While distal portion of associated device 20 is shown in FIGS. 1
and 2 as being located in or on spinal cord, it will be understood
that associated device 20 may be placed at any location in patient
for which it is desirable to administer therapy generated or
delivered by active medical device 1.
[0025] In the embodiment shown in FIG. 1, active implantable device
1 is an infusion device, and associated device 20 is a catheter.
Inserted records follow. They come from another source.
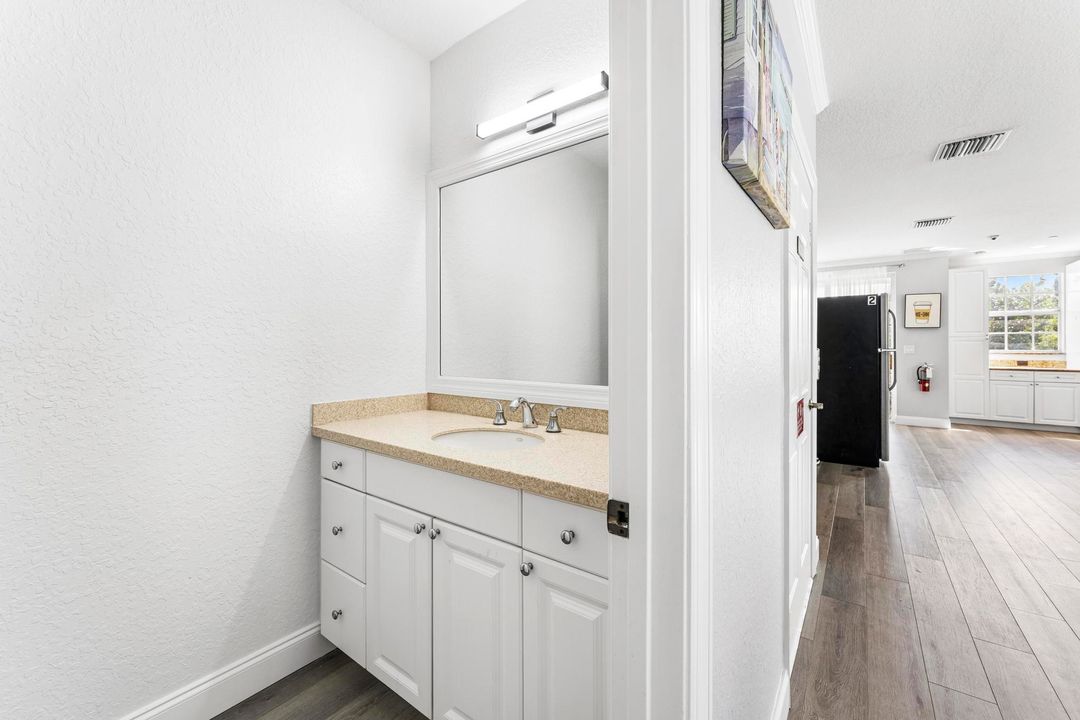 На продажу: $4,000,000 (0 спален, 0 ванн, 9828 Квадратных фут)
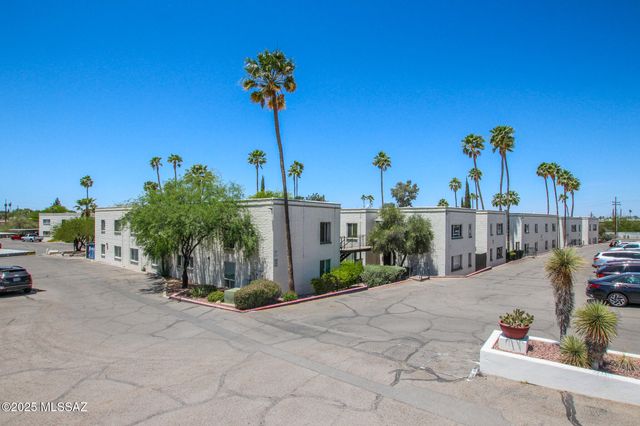 8450 E Old Spanish Trl Apt 157, Tucson, AZ 85710
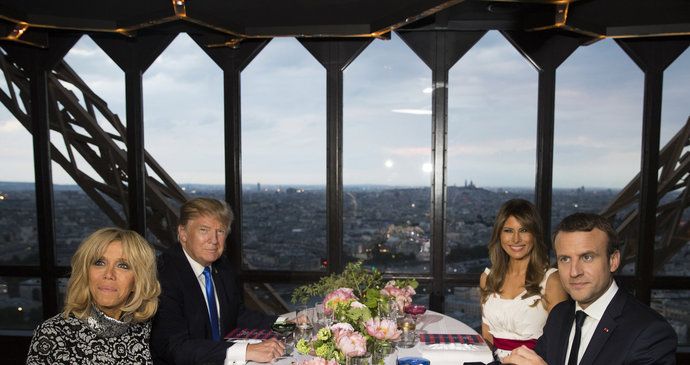 Macron s manželkou Brigitte pozvali Donalda Trumpa s jeho chotí na večeři na Eiffelovku.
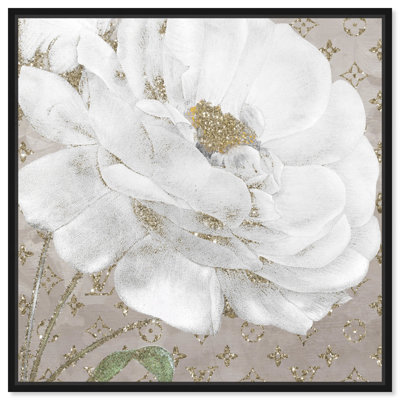 «Ivory Flower Shine II», taupe, art blanc élégant par Everly Quinn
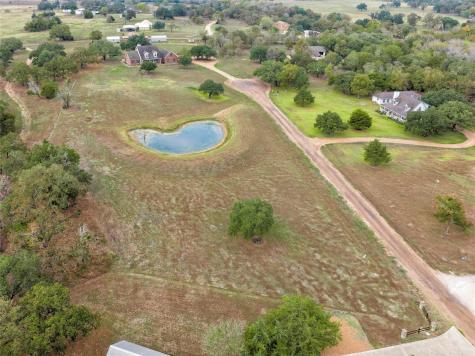 2040 W Guenther Lane La Grange TX 78945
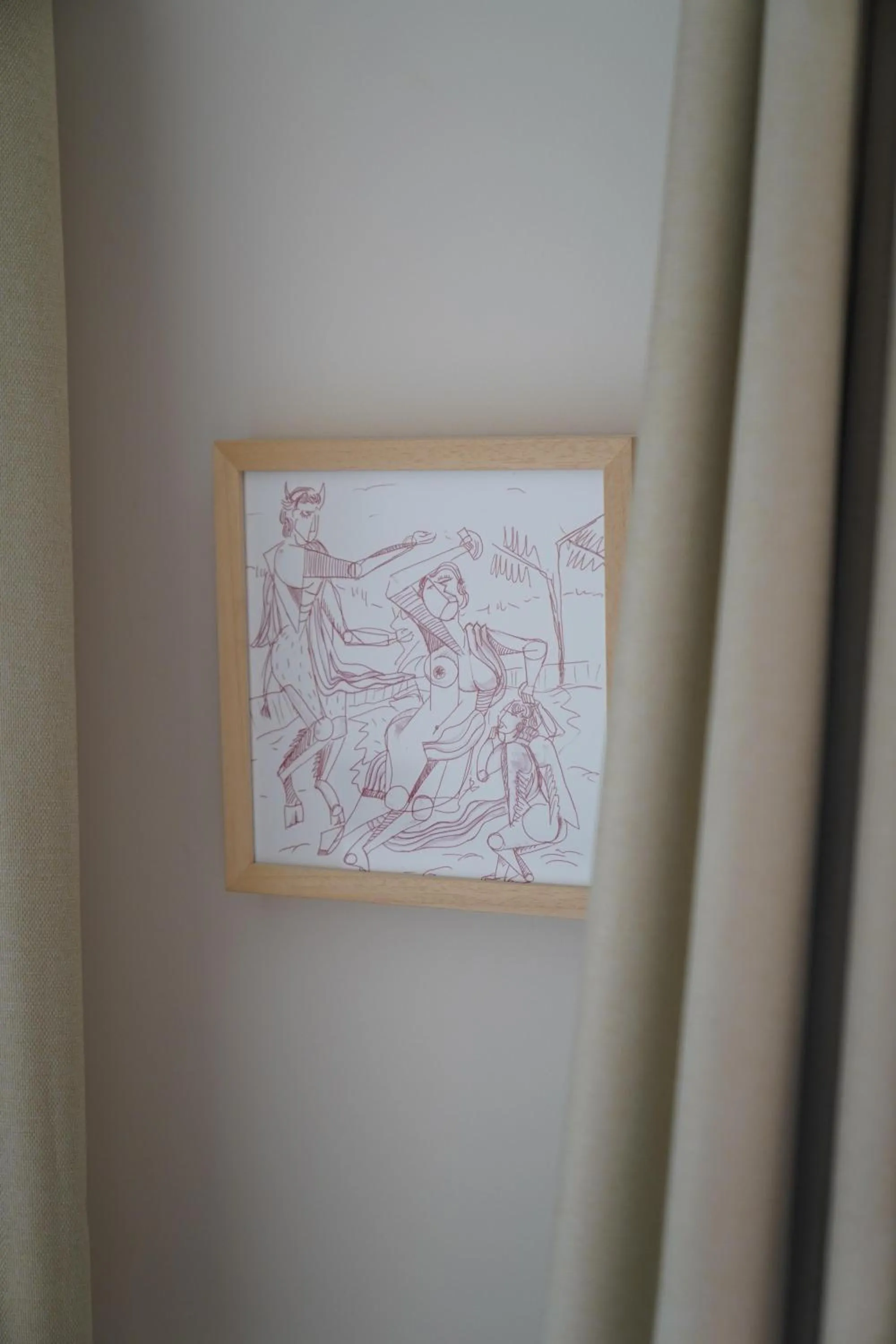 Photo of the whole room in Hotel Pulitzer Paris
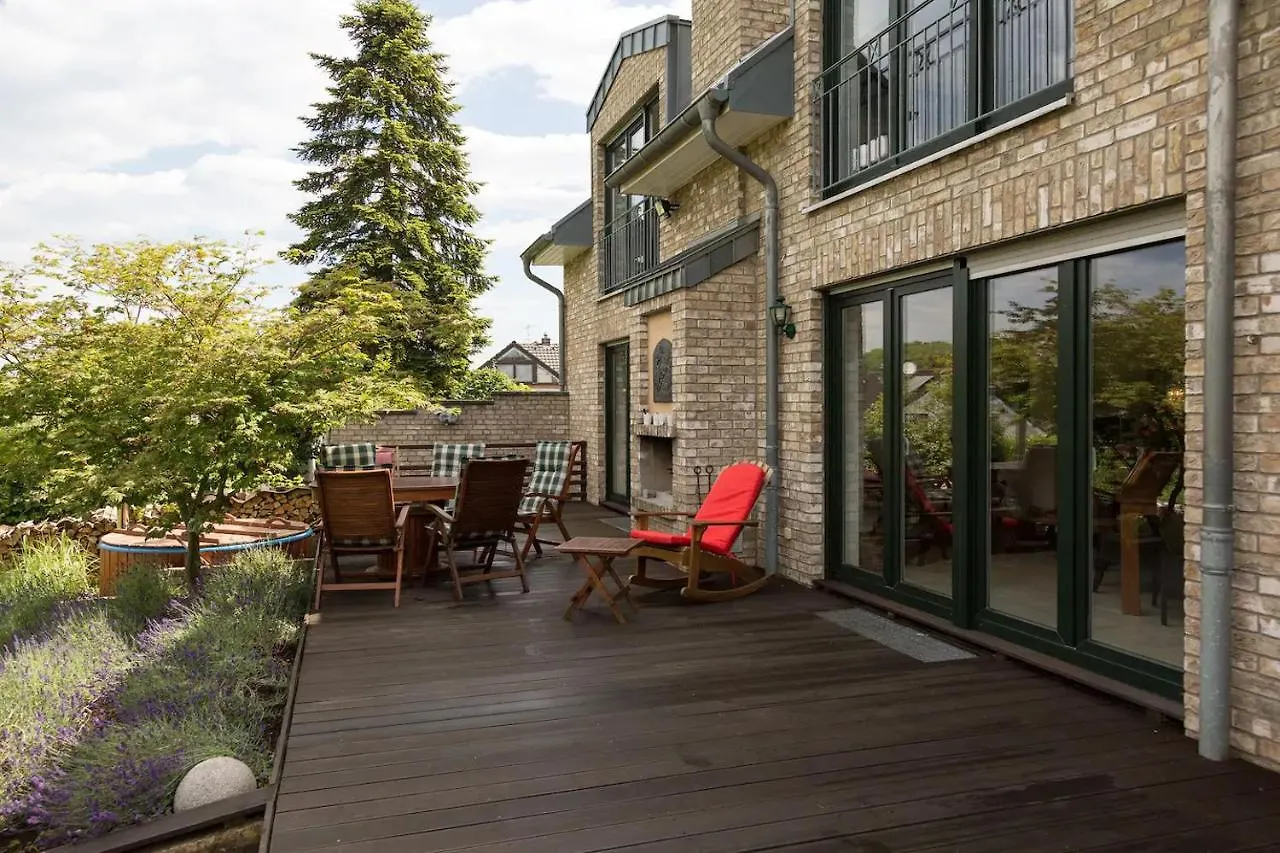 Bed & Breakfast Schoenste Lage Am Rhein In Unmittelbarer Stadtnaehe, B & B Cologne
Catheter 20 is typically a flexible tube with a lumen running from
the proximal end of catheter 20 to one or more delivery regions
that are typically located at the distal portion of catheter 20.
Proximal portion of catheter 20 is connected to infusion device 20.
Distal portion of catheter 20 is positioned at a target location in
the patient to deliver fluid containing therapeutic agent from
infusion device 1 to patient through a delivery region of catheter
20. Infusion device 1, such as Medtronic Inc.'s SynchroMed.TM. II
implantable programmable pump system, includes a reservoir (not
shown) for housing a therapeutic substance and a refill port 45 in
fluid communication with reservoir. The reservoir may be refilled
by percutaneously inserting a needle (not shown) into patient such
that needle enters refill port 45, and fluid containing therapeutic
substance may be delivered into reservoir from needle via refill
port 45. Infusion device 1 shown in FIG. 1 also includes a catheter
access port 30 that is in fluid communication with the catheter 20.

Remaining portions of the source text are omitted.